- Genre: Comedy
- Based on: Bylo nás pět by Karel Poláček
- Directed by: Karel Smyczek
- Starring: Adam Novák; Jaroslav Pauer; Štěpán Benyovszký; Jan Brynych; Jan Müller; Oldřich Navrátil; Dagmar Veškrnová;
- Original language: Czech
- No. of seasons: 1
- No. of episodes: 6

Production
- Running time: 60 minutes
- Production company: Czech Television

Original release
- Release: 9 January – 13 February 1995

= Bylo nás pět =

Bylo nás pět is a Czech comedy television series. It is based on a book by Karel Poláček. Karel Smyczek directed the series.

It was broadcast by Czech Television in January 1995. The series has six episodes and enjoys constant repetition on television screens and the interest of viewers.

==Plot==
The series takes place in 1930s.

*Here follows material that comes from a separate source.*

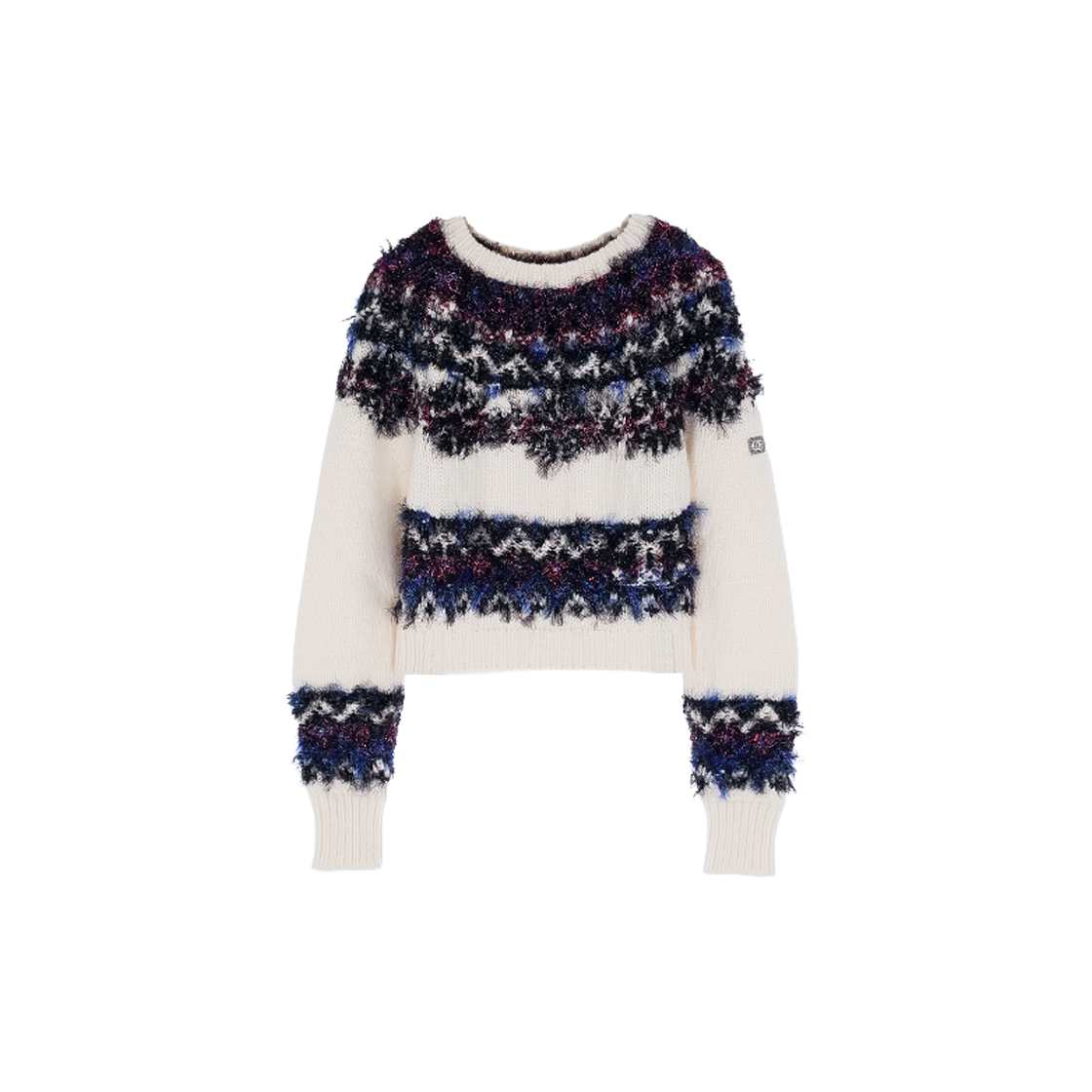 ITRV8RS37459 CHANEL 21K Cashmere Glitter Pullover 38 White/Multicolor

The plot follows a small boy Petr Bajza, who together with his friends Čeňek Jirsák, Antonín Bejval, Eda Kemlink and Pepek Zilvar experience various adventures. The plot also follows the fate of Peter's family and the budding relationship between Kristýna and the young womanizer Pivoda.

==Cast and characters==
- Adam Novák as Petr Bajza
- Jaroslav Pauer as Čeněk Jirsák
- Štěpán Benyovszký as Antonín Bejval
- Jan Brynych as Eda Kemlink
- Jan Müller as Pepek Zilvar
- Oldřich Navrátil as Mr. Bajza
- Dagmar Veškrnová as Mrs. Bajzová
- Barbora Srncová as Kristýna „Rampepurda“
- Jiří Langmajer as Pivoda

==Production==
Ondřej Vogeltanz, Karel Smyczek and Helena Slavíková participated in the adaptation of the novel by Karel Poláček. The series is supplemented with motifs from other Poláček books, such as the book District Town. In the novel characters of the Bajza family are also depicted much less. Vogeltanz and Smyczek wanted to develop relationships between them.

Filming took place during 130 days in the town of Kouřim and in Barrandov Studios interiors.